Visitor Use Management in the Lake Louise Area
Parks Canada is developing a visitor use management plan for the Lake Louise area in Banff National Park.
The Lake Louise area is one of Canada’s most beloved destinations. Since 2010, visitation to Banff National Park has increased by 34% and continues to rise. More people than ever are visiting and connecting with this special place. However, more vehicles and people cause increased congestion, crowding, wildlife conflict, ecosystem impacts and makes emergency response more difficult.
Parks Canada has used many tools to address this challenge, including shuttles, reservations services, paid parking, and behavioural marketing campaigns. With visitor and vehicle numbers expected to grow, Parks Canada is exploring a sustainable long-term approach to manage changing visitation patterns and meet the commitments set out in the 2022 Banff Park Management Plan.

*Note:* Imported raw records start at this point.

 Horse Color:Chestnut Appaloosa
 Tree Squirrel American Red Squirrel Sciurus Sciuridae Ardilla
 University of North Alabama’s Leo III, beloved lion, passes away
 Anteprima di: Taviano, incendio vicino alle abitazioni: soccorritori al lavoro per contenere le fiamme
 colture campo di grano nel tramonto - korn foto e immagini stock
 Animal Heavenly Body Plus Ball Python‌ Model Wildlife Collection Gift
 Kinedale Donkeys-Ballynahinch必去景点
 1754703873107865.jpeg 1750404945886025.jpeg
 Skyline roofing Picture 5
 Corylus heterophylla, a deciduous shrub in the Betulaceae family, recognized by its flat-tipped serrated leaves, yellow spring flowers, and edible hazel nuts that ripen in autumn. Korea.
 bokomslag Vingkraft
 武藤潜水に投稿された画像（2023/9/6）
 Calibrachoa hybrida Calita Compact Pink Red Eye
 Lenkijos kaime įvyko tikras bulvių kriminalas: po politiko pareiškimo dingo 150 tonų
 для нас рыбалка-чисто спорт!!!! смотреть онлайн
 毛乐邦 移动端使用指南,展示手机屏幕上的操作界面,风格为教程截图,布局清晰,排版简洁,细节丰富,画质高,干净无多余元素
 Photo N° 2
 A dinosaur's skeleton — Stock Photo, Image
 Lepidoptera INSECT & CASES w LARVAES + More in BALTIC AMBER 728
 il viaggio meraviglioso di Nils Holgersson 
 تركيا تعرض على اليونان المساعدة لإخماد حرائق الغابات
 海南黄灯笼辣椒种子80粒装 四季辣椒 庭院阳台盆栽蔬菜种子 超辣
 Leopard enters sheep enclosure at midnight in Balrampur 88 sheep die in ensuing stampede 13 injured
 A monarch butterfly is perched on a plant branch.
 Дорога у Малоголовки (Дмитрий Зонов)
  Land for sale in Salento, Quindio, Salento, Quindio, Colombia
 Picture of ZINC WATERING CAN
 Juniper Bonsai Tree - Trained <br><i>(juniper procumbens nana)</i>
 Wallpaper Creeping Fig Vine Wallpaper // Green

What is visitor use management?
The Lake Louise Area Visitor Use Management Plan will provide a variety of tools and tactics to manage visitor use in the Lake Louise area in a way that protects nature and history, is safe for visitors and staff alike, and provides a positive experience when visiting.
In this phase, Parks Canada is identifying potential strategies and actions to help achieve desired conditions previously developed with staff, stakeholder and visitor input. The strategies and actions being considered could apply in a variety of ways and in different locations within the Lake Louise area.
Parks Canada’s visitor use management work is guided by an internationally recognized framework used by protected areas around the world. It is also guided by the Parks Canada mandate, the 2022 Banff National Park Management Plan, and by a set of core principles shaped by feedback we received during previous engagement. Among these principles are:
- ecological integrity and quality visitor experience
- accessibility and affordability
- collaboration with partners to support regional integration
- data-driven adaptive management
- fairness and transparency to maintain market competitiveness and support multiple business models
- and environmental and financial sustainability
How to participate
Parks Canada is inviting your feedback on some of the draft strategies and actions to manage growing visitation in the Lake Louise area. Your input will help guide management decisions over the next 5-7 years.
- View the project area map and a complete list of proposed strategies and actions.
- Need more information? Find additional resources and data on the Parks Canada website.
- Complete one or all of the three surveys below before March 9, 2026 (10-20 minutes each).
Share your feedback on proposed strategies and actions for:
- Entire Lake Louise Area (general strategies applying to all locations)
- Upper Lake Louise (lakeshore)
- Moraine Lake and Paradise Valley
Privacy
Parks Canada takes the protection of privacy seriously. Information collected in these surveys will be stored on servers located within Canada. Please do not provide personal or third-party information (e.g. names, contact details, or information about other people) in your responses.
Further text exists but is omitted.